● **Data shown**:
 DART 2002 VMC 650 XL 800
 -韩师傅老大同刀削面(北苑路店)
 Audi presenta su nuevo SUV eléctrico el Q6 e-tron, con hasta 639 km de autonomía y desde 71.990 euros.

● **Directions**: Would you write out the full listing exactly as given?

● **Response area**:
 DART 2002 VMC 650 XL 800
 -韩师傅老大同刀削面(北苑路店)
 Audi presenta su nuevo SUV eléctrico el Q6 e-tron, con hasta 639 km de autonomía y desde 71.990 euros.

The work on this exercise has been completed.